An exact retyping of all lines below is the answer; pictures do not belong in it.

| Stored items |
◆ ◆ ◆ ◆ ◆ ◆ ◆

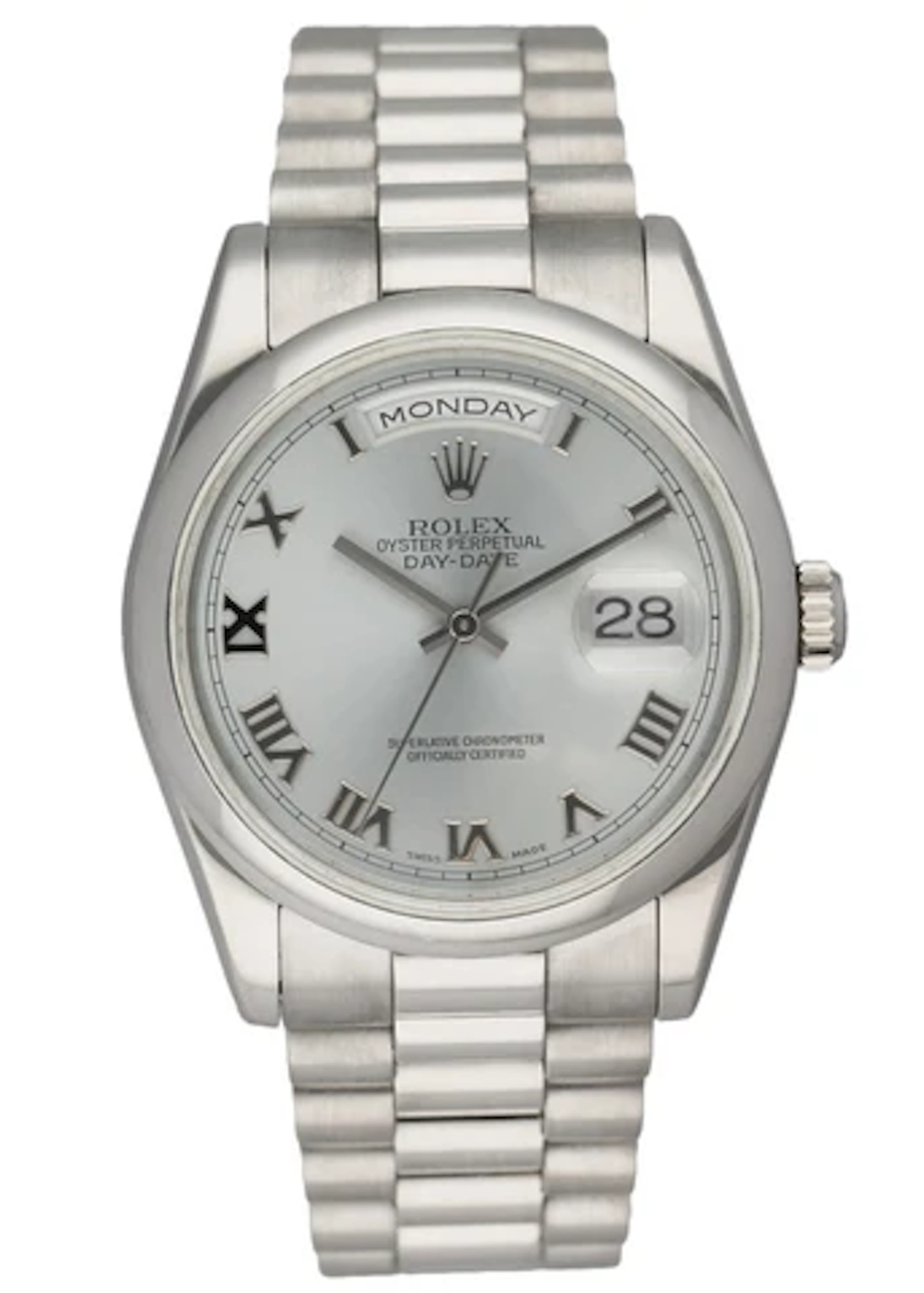Rolex Day-Date 118206 Platinum Ice Blue Roman Dial Men's Watch
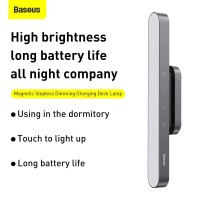 Baseus Led Desk Lamp, Under Cabinet Lights Magnetic Closet Lights Battery Powered Operated Dimmable Led Lights, Rechargeable Touch Control Wireless Desk Light For Study, Home Office, Kitchen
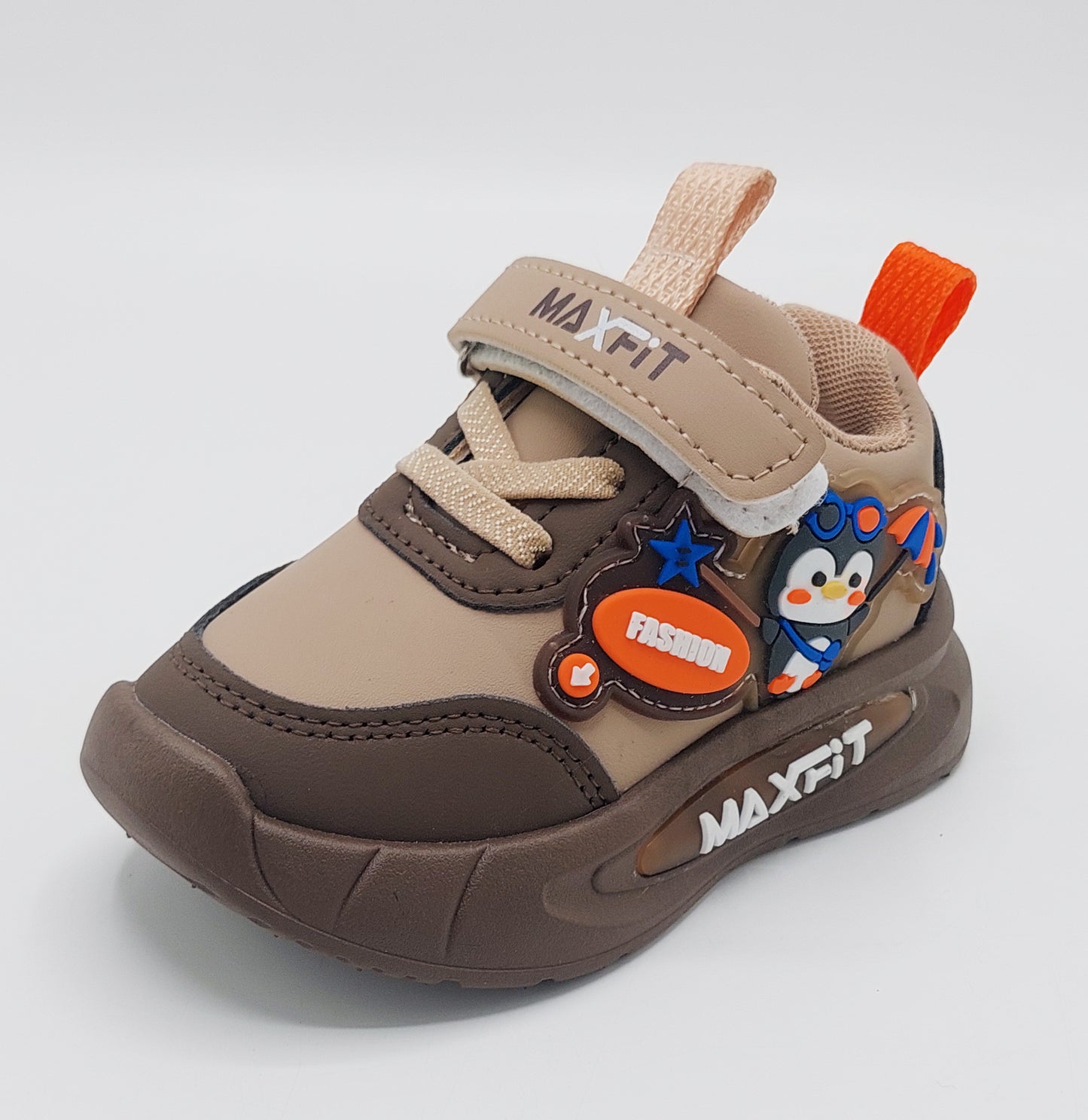Lights in Sole Cute Design Shoes For Kids - SR552 (Brown)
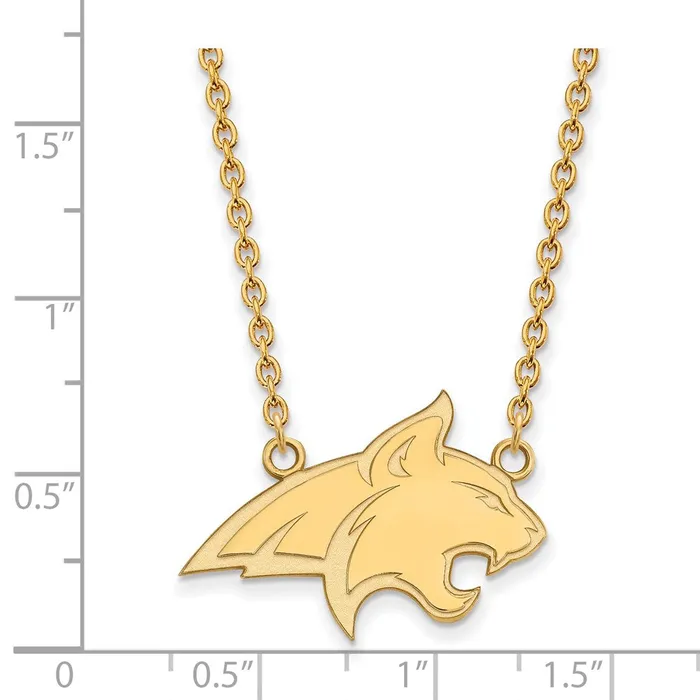 Necklaces TreasureFineJewelers 10K Yellow Gold Montana State University Large Pendant wilth Necklace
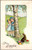 Easter - girls hiding behind tree watching easter bunny with eggs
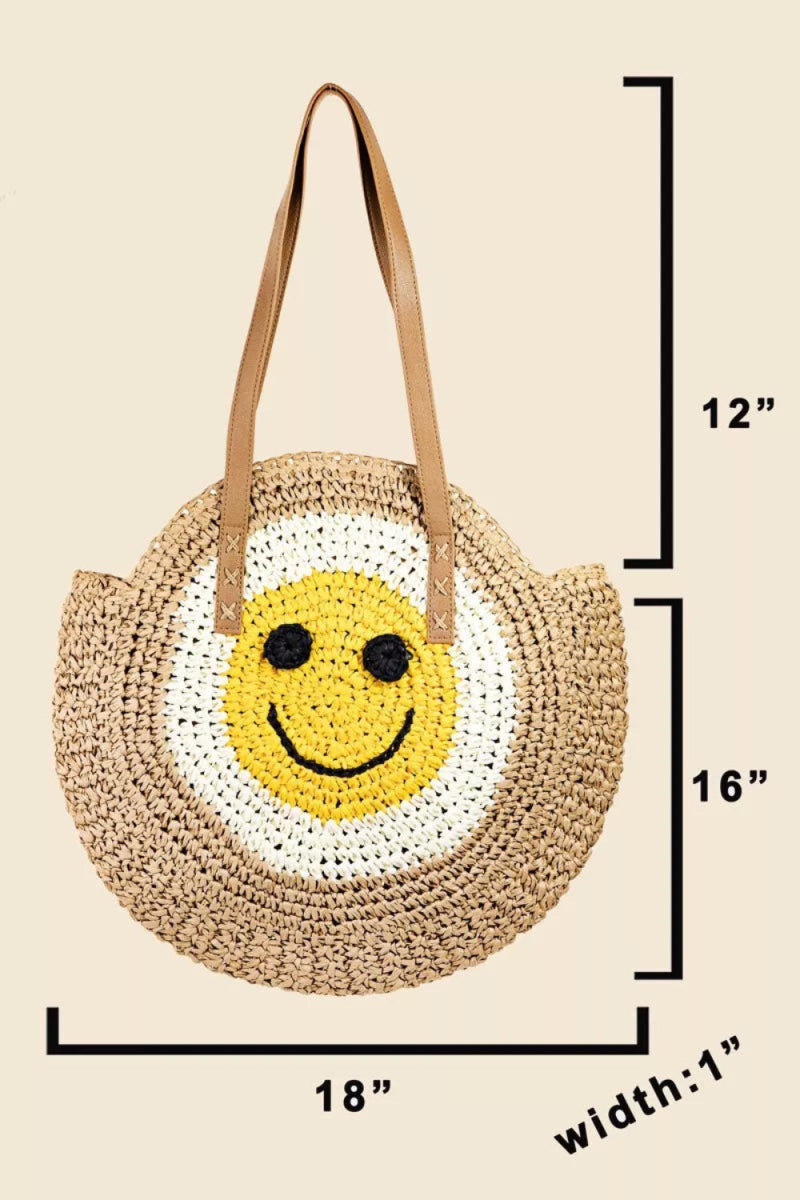 Straw Braided Round Happy Face Tote Bag - Lily Bloom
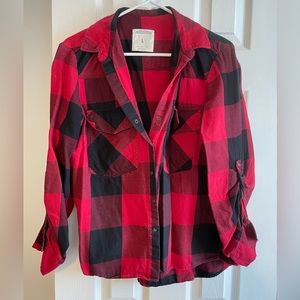 Zara Womens premium denim collection plaid shirt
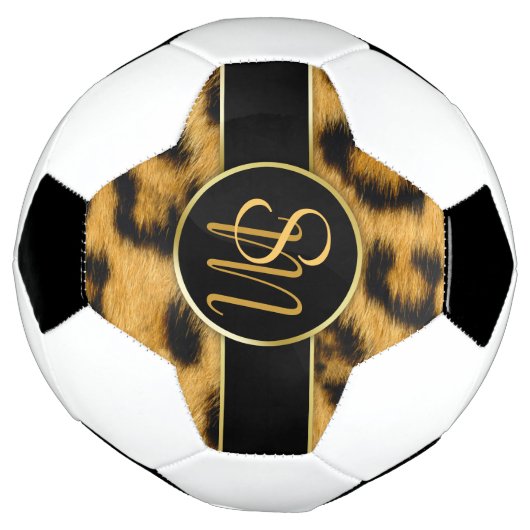 Elegant Leopard Print Monogram Script Voetbal (Gedraaid)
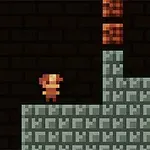 茶色のキャラクターがレンガの壁で構成された階段に立っているピクセルアートのシーン。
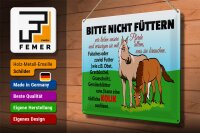 Blechschild Hinweis 40x30cm Bitte nicht füttern Pferd Kolik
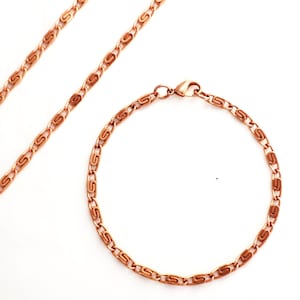 Celtic Copper Jewelry Set Of Fine Scroll Chains SET61 Matching Solid Copper Necklace Chain And Copper Bracelet Chain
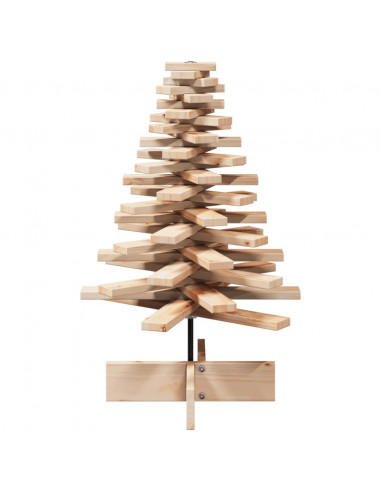 Albero di Natale Decorativo in Legno 80 cm Legno Massello Pino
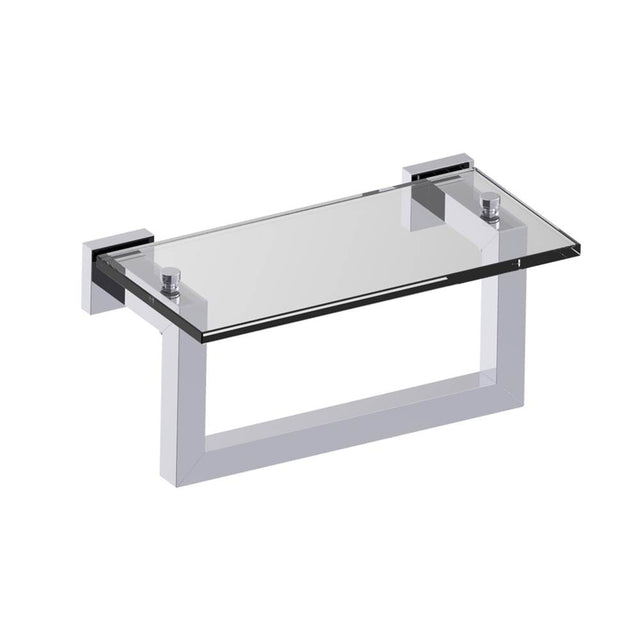Kartners - LONDON - 10-inch Glass Shelf with Bathroom Towel Bar-Polished Chrome - Polished Chrome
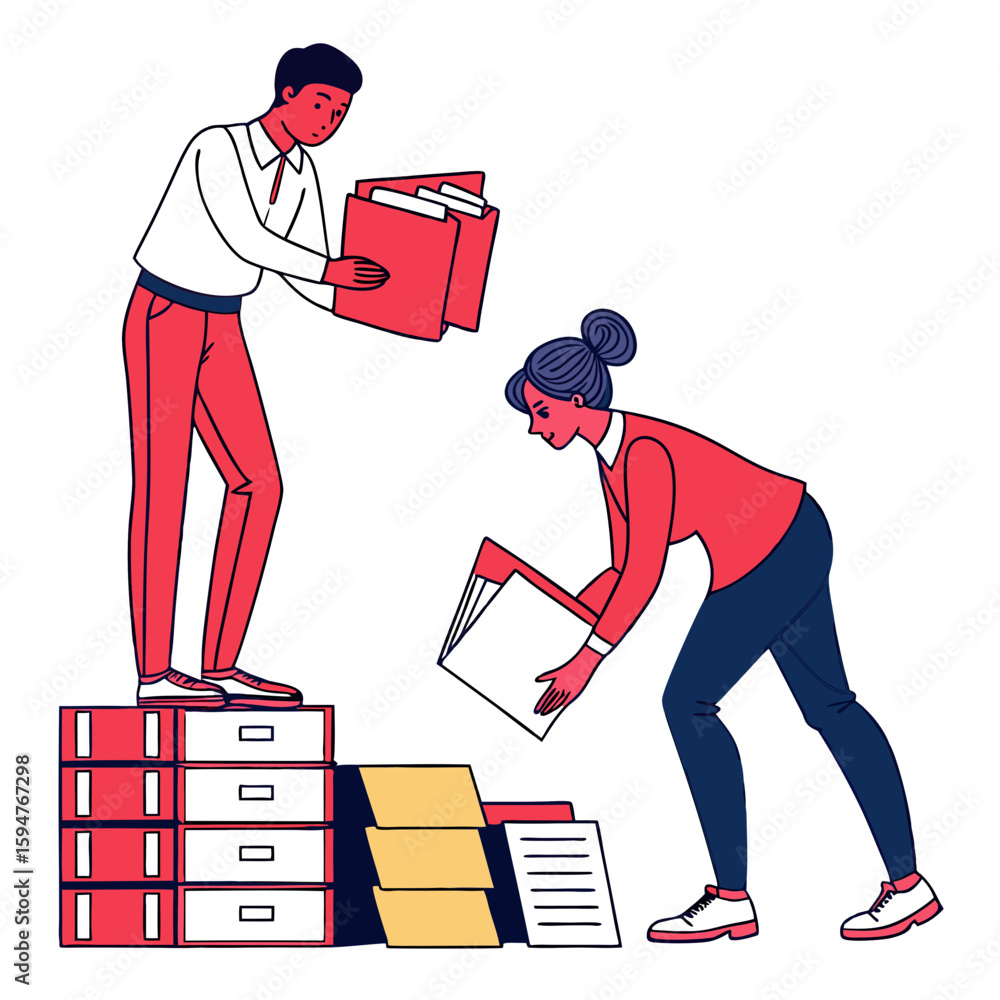 Poster two colleagues collaborate on filing documents in an office setting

◆ ◆ ◆ ◆ ◆ ◆ ◆

| Your response |
Rolex Day-Date 118206 Platinum Ice Blue Roman Dial Men's Watch
 Baseus Led Desk Lamp, Under Cabinet Lights Magnetic Closet Lights Battery Powered Operated Dimmable Led Lights, Rechargeable Touch Control Wireless Desk Light For Study, Home Office, Kitchen
Lights in Sole Cute Design Shoes For Kids - SR552 (Brown)
 Necklaces TreasureFineJewelers 10K Yellow Gold Montana State University Large Pendant wilth Necklace
 Easter - girls hiding behind tree watching easter bunny with eggs
 Straw Braided Round Happy Face Tote Bag - Lily Bloom
 Zara Womens premium denim collection plaid shirt
 Elegant Leopard Print Monogram Script Voetbal (Gedraaid)
 茶色のキャラクターがレンガの壁で構成された階段に立っているピクセルアートのシーン。
 Blechschild Hinweis 40x30cm Bitte nicht füttern Pferd Kolik
 Celtic Copper Jewelry Set Of Fine Scroll Chains SET61 Matching Solid Copper Necklace Chain And Copper Bracelet Chain
 Albero di Natale Decorativo in Legno 80 cm Legno Massello Pino
Kartners - LONDON - 10-inch Glass Shelf with Bathroom Towel Bar-Polished Chrome - Polished Chrome
 Poster two colleagues collaborate on filing documents in an office setting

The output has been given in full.